_The problem_
Return only the lines below starting at the line containing "Chico's Deco Burnout Shirt CRUSHED BERRIES" and ending at the line containing "Polar Męski Abrazo", both included, exactly as they are and with no pictures.
Records supplied section start
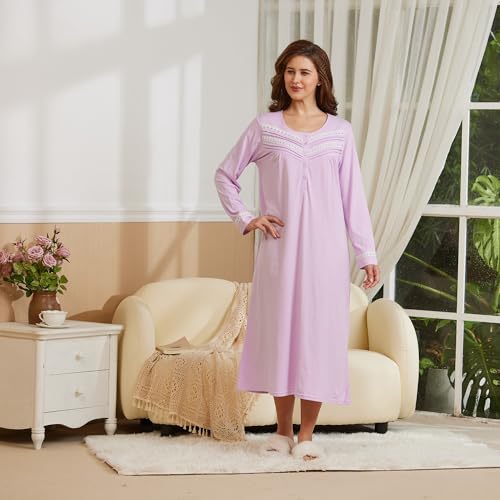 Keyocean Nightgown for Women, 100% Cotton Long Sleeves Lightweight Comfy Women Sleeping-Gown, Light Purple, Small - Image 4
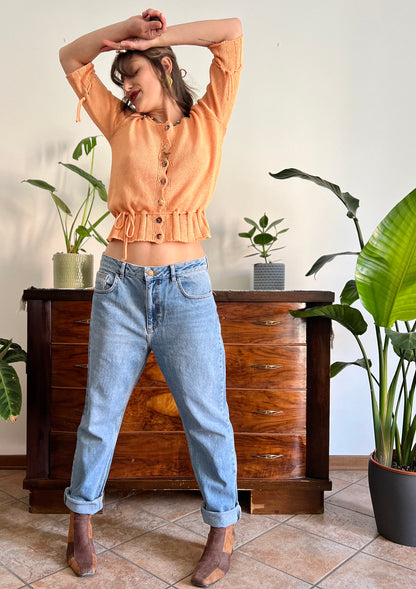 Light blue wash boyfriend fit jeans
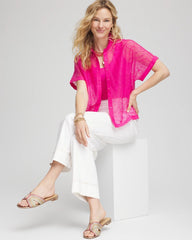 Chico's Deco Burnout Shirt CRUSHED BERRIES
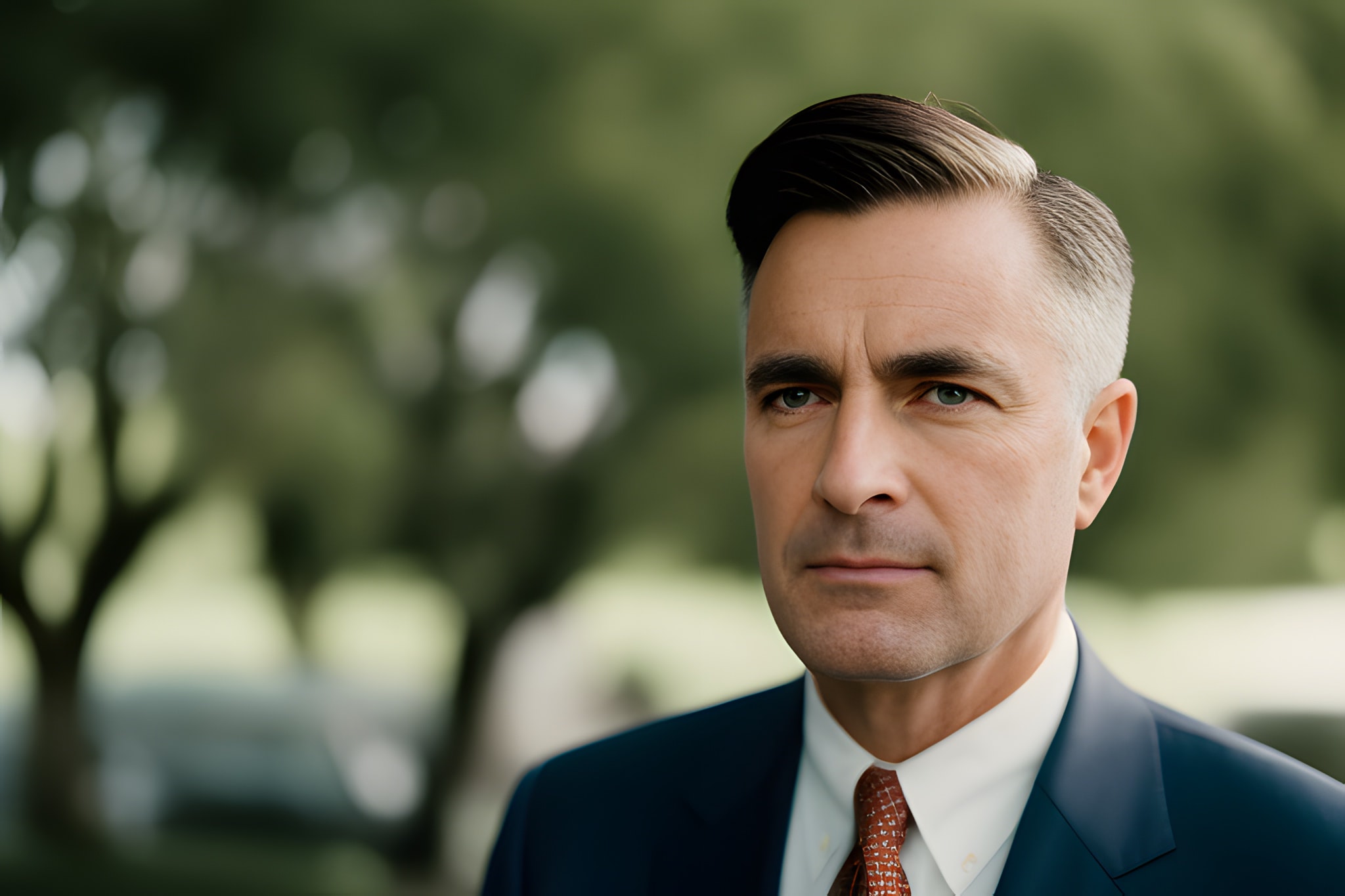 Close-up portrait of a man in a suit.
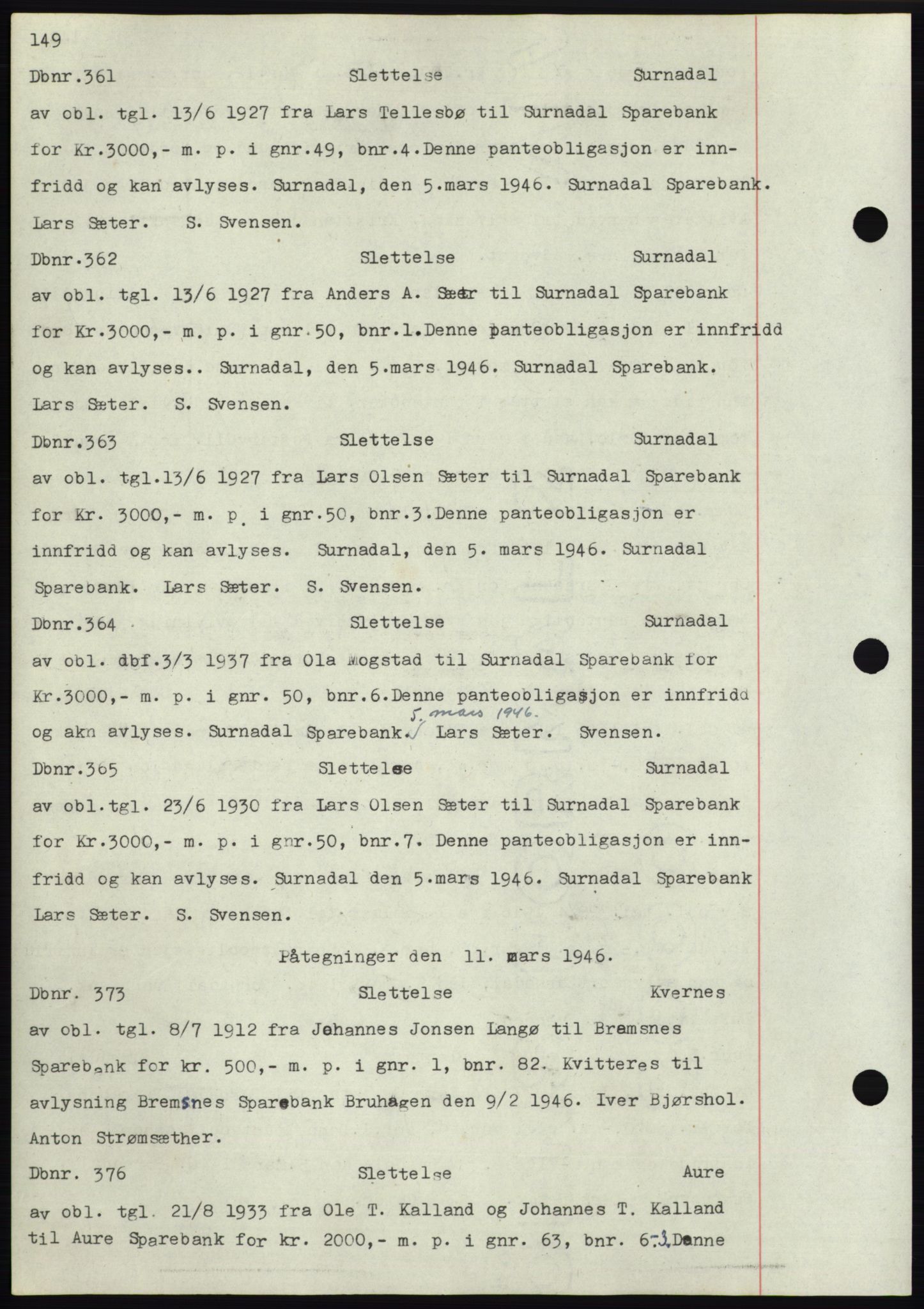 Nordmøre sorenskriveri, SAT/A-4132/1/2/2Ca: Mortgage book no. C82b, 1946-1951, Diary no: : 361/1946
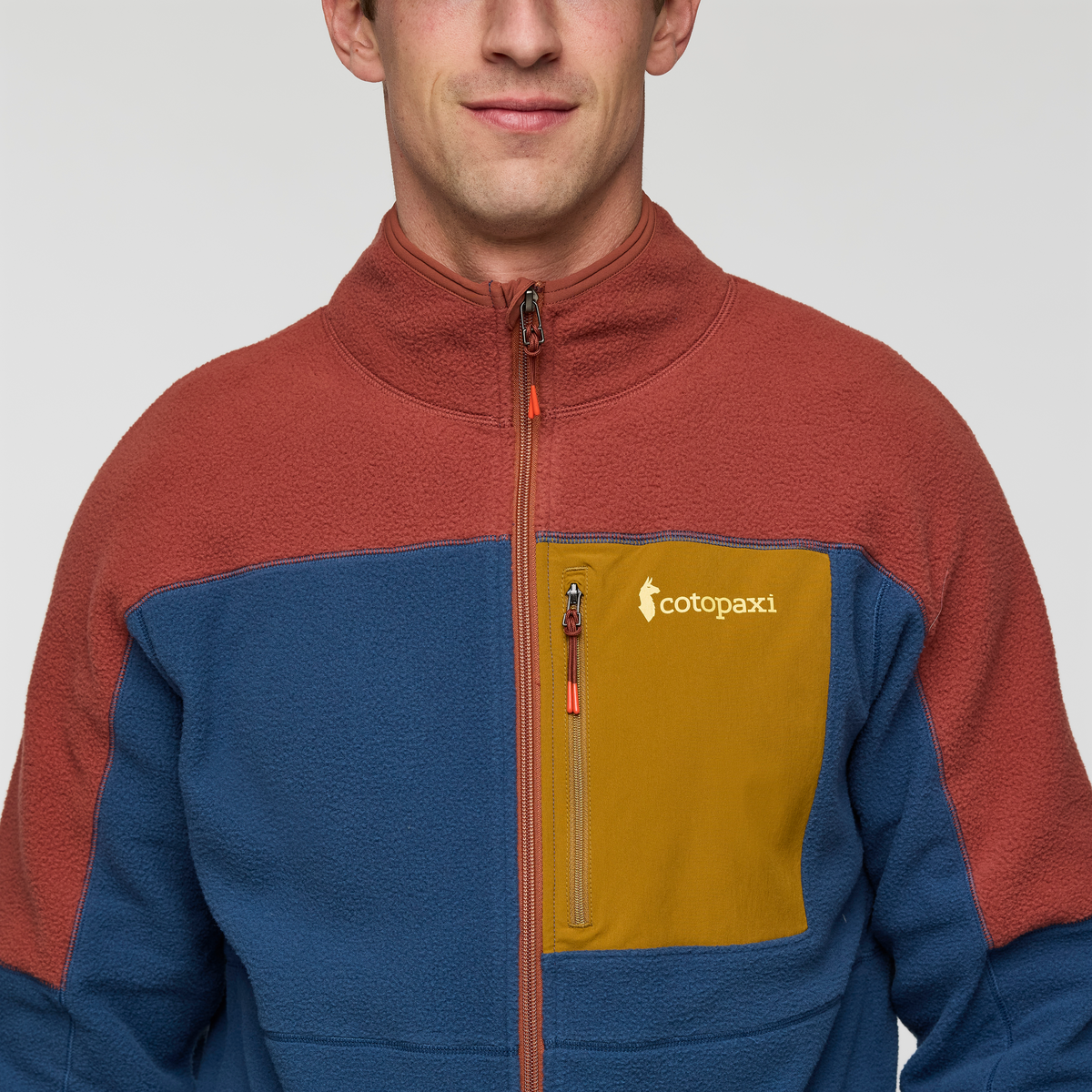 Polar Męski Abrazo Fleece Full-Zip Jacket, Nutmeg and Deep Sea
Records supplied section end
Records supplied section start
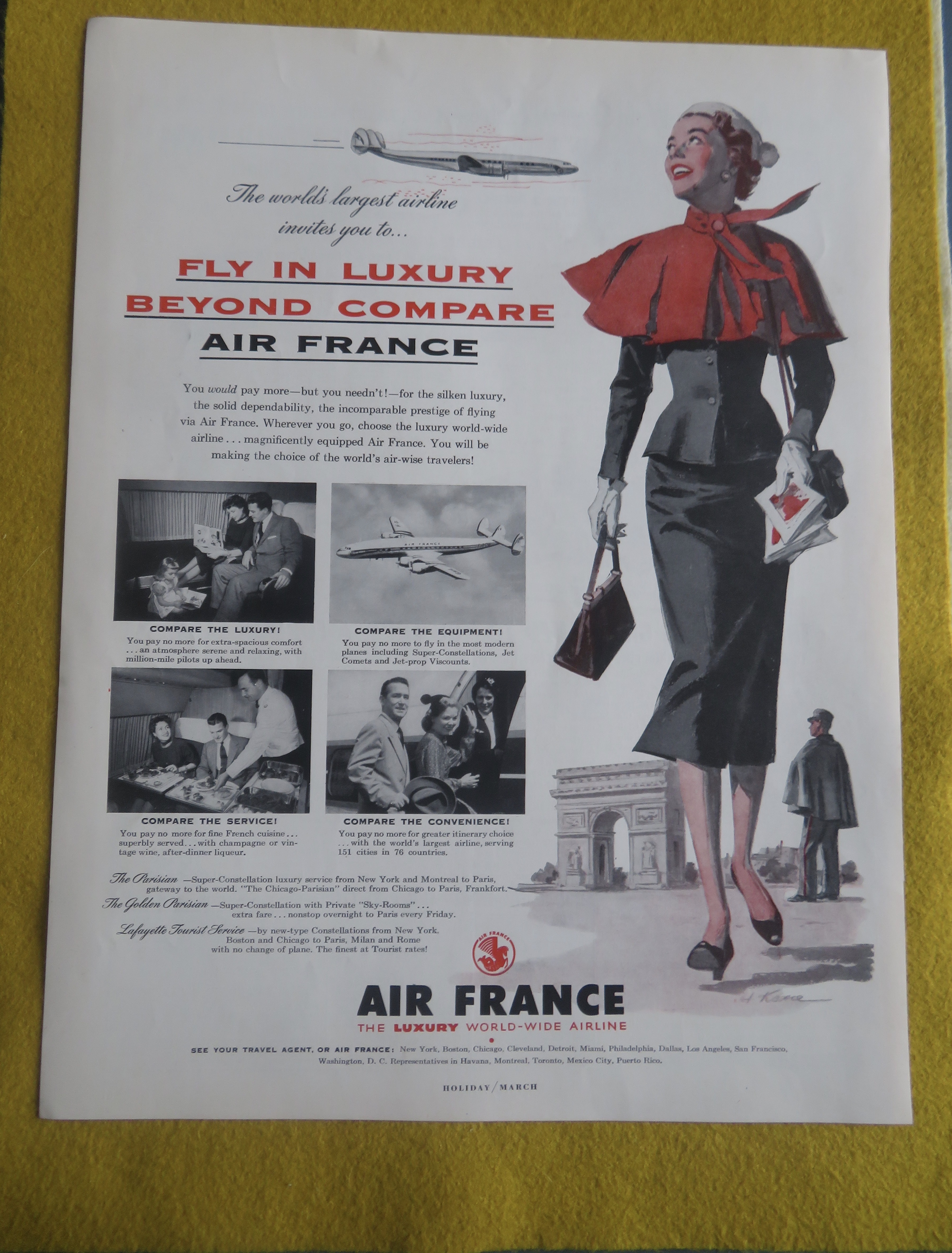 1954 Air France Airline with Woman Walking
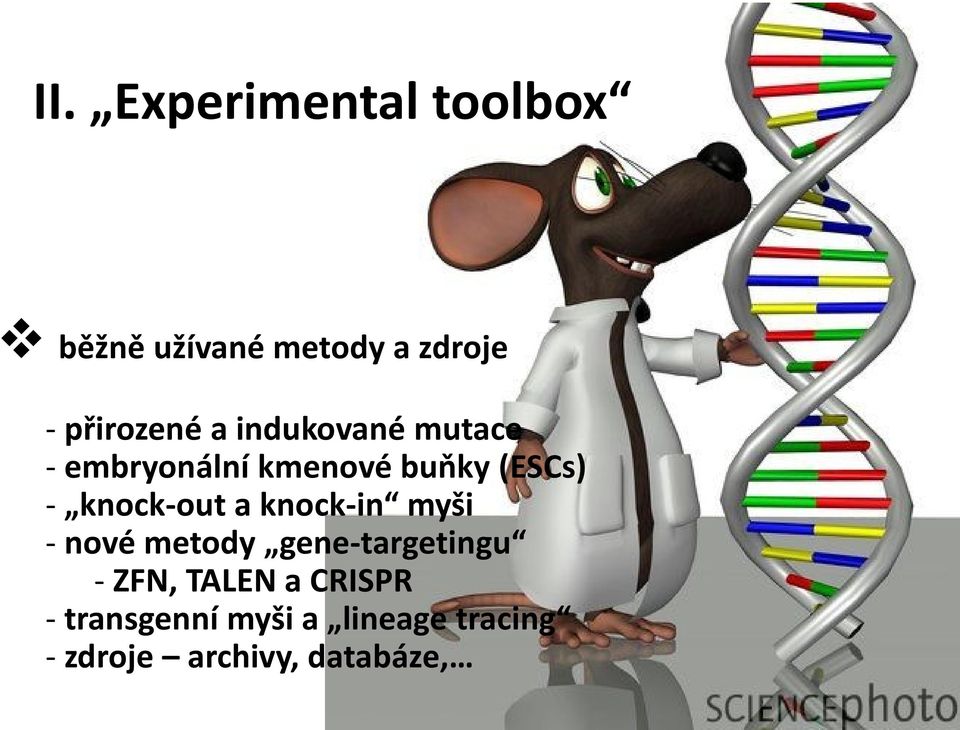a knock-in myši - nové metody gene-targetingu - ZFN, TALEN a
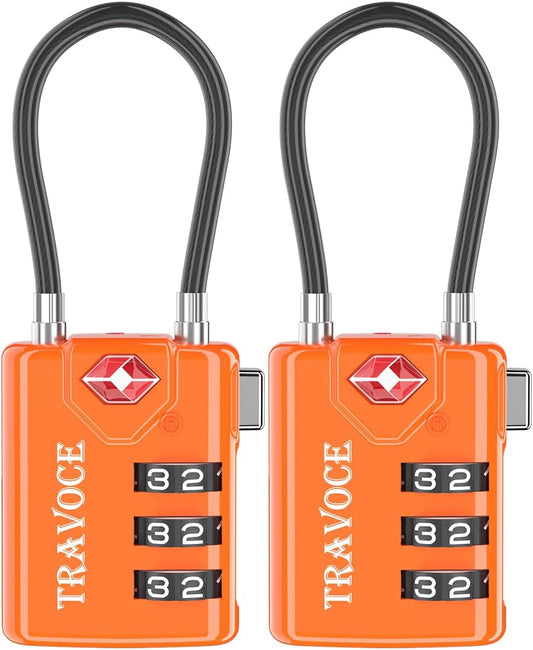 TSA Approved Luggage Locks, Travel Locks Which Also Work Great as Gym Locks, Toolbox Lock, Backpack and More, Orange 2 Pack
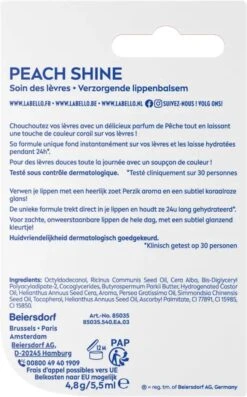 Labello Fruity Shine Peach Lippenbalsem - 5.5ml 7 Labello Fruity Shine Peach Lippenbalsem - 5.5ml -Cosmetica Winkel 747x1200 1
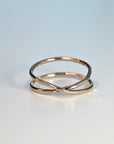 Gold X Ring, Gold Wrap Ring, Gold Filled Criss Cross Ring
Records supplied section end
_Response_
 Chico's Deco Burnout Shirt CRUSHED BERRIES
 Close-up portrait of a man in a suit.
 Nordmøre sorenskriveri, SAT/A-4132/1/2/2Ca: Mortgage book no. C82b, 1946-1951, Diary no: : 361/1946
 Polar Męski Abrazo Fleece Full-Zip Jacket, Nutmeg and Deep Sea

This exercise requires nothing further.